Action item:
Set down the data again word for word. Skip any pictures.

Data below:
= = = = = = =

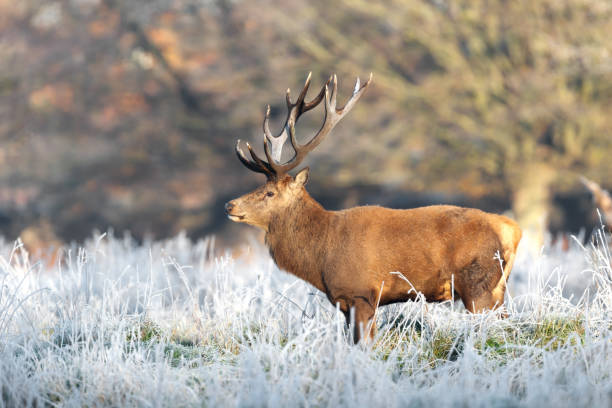 istock Red deer stag standing in frosty meadow in winter 2190526878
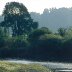 Castell Dinefwr o Bont Cilsan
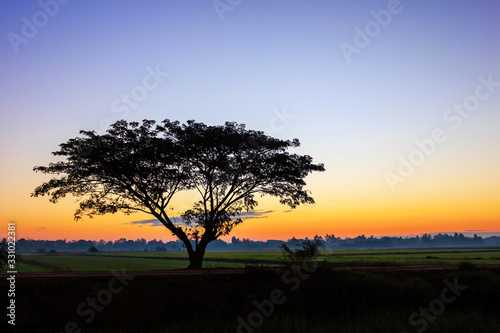 Lonely tree silhouette on open field at sunrise morning landscape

= = = = = = =

Task response:
 istock Red deer stag standing in frosty meadow in winter 2190526878
 Castell Dinefwr o Bont Cilsan
 Lonely tree silhouette on open field at sunrise morning landscape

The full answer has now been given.